(Raw data begins)

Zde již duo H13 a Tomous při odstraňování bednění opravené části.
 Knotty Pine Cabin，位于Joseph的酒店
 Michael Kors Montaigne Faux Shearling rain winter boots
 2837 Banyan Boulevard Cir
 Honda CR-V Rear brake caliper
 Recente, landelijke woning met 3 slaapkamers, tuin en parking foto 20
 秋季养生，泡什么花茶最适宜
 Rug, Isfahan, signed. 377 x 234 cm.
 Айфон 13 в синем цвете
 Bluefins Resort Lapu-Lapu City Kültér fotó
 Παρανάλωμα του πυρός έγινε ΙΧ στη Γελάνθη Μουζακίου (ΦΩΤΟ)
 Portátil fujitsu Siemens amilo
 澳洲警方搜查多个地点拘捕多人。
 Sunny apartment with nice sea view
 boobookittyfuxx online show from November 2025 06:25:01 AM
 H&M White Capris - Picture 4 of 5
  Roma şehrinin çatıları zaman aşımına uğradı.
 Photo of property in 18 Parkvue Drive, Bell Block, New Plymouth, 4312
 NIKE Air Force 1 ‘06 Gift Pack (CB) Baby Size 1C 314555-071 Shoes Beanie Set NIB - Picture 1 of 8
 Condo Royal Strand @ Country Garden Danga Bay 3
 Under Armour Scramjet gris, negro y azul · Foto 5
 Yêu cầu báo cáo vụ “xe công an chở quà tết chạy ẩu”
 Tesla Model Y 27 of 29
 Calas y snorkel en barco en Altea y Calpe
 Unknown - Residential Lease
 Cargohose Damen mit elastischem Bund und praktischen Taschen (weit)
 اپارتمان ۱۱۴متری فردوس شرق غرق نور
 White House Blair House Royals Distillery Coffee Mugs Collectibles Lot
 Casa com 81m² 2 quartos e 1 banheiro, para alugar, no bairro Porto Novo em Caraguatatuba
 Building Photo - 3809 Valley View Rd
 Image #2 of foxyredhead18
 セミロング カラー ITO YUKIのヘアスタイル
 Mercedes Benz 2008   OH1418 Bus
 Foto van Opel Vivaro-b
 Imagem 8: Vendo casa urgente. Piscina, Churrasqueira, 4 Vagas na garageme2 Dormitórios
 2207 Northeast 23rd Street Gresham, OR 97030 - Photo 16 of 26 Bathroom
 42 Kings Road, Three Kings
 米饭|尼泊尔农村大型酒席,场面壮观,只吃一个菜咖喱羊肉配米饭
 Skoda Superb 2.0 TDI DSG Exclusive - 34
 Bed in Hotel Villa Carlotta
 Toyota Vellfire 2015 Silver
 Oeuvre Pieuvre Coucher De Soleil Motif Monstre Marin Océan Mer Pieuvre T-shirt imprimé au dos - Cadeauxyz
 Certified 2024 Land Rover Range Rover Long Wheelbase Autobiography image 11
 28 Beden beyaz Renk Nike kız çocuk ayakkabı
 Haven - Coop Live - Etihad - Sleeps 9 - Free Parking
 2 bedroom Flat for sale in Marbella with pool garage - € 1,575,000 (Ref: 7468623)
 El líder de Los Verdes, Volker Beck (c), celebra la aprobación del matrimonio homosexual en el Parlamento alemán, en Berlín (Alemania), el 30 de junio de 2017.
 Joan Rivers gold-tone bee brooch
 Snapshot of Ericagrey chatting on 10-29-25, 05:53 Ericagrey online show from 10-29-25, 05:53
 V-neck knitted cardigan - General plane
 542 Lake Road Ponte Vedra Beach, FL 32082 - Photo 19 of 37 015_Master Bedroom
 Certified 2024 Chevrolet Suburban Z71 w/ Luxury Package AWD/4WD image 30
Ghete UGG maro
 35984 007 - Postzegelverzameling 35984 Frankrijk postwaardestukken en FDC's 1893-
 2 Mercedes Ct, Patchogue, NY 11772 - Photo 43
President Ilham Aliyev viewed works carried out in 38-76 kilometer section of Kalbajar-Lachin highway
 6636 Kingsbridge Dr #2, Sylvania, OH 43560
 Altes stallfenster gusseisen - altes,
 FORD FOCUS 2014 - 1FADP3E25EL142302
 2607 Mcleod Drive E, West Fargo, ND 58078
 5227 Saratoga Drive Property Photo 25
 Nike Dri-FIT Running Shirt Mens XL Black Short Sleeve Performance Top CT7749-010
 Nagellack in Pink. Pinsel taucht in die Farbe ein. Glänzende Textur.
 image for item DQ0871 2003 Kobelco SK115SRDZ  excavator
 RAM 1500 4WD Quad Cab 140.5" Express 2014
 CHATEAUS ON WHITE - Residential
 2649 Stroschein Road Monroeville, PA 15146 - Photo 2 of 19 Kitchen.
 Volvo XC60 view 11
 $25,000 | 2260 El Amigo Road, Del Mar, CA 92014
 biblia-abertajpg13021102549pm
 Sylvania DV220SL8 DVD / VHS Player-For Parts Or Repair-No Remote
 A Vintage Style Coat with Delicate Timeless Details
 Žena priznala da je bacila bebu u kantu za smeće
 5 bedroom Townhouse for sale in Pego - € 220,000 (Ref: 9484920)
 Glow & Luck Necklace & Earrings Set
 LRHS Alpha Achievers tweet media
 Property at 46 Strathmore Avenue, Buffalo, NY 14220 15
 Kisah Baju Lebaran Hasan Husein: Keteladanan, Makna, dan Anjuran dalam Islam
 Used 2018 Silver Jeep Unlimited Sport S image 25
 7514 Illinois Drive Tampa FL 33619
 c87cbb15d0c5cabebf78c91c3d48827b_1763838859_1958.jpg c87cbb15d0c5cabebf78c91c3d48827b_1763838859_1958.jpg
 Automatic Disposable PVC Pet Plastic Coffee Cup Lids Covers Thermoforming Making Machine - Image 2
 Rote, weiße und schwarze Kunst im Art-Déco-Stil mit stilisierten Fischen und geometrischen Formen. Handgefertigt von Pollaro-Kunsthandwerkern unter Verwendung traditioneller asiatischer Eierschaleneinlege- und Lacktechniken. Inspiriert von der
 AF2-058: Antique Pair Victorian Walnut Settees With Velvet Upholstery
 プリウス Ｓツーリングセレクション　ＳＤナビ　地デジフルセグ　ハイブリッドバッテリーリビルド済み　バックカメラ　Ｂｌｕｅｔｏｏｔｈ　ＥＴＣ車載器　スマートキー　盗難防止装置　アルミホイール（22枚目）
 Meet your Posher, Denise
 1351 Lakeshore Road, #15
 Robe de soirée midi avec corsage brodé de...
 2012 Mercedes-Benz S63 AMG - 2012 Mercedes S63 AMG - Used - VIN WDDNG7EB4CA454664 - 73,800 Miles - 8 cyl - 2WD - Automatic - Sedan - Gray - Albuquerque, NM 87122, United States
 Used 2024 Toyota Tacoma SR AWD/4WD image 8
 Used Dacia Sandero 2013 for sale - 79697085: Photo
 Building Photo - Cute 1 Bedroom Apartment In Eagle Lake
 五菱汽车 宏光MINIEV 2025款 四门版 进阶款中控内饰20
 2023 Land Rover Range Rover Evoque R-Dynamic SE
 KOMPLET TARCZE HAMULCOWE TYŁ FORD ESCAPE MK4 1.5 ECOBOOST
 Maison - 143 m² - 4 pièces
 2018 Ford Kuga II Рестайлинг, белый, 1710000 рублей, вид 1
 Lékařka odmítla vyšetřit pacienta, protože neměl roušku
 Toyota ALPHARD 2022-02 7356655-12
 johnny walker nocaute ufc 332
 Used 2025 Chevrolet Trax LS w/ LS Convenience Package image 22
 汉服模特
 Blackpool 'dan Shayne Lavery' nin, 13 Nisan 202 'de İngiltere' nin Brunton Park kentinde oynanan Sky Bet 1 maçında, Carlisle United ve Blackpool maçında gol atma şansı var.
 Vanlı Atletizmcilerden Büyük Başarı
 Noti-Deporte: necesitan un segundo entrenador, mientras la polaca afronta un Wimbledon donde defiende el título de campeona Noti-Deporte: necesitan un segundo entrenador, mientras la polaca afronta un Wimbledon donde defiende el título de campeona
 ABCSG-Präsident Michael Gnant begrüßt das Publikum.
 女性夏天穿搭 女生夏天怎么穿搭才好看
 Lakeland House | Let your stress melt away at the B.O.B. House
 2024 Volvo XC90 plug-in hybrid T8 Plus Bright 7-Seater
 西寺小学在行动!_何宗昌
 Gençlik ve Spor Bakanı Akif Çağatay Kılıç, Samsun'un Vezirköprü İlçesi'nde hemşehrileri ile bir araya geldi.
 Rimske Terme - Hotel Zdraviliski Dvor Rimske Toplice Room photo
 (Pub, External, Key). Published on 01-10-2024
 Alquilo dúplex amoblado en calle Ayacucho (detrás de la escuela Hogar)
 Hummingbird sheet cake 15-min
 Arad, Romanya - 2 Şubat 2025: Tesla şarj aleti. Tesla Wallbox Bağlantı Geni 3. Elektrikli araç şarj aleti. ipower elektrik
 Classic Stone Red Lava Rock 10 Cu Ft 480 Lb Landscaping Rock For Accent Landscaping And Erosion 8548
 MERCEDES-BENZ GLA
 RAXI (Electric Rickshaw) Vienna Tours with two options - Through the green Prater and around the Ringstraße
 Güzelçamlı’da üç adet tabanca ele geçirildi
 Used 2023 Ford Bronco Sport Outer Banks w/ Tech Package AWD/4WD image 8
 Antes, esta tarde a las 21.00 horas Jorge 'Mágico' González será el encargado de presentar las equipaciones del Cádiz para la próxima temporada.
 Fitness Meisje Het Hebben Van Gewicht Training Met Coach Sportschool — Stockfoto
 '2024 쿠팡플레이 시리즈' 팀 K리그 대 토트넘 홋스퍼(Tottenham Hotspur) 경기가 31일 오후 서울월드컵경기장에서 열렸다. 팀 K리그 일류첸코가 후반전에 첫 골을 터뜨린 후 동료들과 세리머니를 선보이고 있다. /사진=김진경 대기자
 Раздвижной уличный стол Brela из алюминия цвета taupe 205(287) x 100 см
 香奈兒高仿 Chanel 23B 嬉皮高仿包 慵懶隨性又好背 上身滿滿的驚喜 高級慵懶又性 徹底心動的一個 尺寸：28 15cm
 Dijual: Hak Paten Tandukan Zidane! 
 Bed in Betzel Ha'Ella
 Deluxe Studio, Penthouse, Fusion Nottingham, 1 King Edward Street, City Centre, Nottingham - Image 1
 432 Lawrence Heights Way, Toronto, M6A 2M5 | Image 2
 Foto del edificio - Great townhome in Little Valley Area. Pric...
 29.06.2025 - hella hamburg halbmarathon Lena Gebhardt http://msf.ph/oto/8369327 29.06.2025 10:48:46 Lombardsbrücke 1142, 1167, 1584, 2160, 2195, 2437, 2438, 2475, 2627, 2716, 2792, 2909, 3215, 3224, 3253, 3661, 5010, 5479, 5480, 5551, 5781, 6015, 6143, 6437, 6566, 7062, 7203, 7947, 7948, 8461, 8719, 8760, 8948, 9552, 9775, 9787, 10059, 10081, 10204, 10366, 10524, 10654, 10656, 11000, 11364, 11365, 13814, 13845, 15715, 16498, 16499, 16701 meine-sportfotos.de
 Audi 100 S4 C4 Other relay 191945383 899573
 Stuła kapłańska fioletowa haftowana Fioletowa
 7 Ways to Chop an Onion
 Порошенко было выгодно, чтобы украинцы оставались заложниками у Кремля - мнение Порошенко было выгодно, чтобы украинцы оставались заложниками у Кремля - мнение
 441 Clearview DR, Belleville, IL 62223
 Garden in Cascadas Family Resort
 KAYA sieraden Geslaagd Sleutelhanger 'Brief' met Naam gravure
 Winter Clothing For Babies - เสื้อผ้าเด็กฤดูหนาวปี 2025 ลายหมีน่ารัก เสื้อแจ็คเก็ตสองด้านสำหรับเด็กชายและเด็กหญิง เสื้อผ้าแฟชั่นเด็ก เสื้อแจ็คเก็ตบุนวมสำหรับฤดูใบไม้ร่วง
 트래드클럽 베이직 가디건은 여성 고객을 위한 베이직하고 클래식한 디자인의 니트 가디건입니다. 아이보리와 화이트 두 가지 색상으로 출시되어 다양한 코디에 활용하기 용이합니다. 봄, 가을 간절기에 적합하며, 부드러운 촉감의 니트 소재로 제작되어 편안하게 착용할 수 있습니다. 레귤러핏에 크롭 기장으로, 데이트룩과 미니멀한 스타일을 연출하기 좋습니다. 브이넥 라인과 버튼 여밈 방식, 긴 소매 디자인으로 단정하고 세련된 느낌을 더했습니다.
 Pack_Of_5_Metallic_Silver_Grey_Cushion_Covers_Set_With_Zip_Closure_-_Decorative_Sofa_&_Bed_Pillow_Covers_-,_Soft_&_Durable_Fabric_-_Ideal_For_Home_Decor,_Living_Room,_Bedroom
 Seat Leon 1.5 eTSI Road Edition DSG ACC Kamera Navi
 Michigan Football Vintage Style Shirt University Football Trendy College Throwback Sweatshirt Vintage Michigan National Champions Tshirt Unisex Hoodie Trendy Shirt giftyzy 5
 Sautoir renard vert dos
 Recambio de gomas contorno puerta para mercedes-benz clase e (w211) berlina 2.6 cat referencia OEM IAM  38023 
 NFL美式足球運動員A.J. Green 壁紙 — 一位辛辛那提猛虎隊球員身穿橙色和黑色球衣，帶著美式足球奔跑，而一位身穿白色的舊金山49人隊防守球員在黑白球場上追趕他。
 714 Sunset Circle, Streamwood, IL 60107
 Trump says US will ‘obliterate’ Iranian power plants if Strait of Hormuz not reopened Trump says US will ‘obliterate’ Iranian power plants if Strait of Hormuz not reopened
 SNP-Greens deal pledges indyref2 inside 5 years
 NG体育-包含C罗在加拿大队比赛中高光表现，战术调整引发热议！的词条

(Raw data ends)

Action item: Which lines of the data include "Michael"? Copy each of them.

Task output:
 Michael Kors Montaigne Faux Shearling rain winter boots
 ABCSG-Präsident Michael Gnant begrüßt das Publikum.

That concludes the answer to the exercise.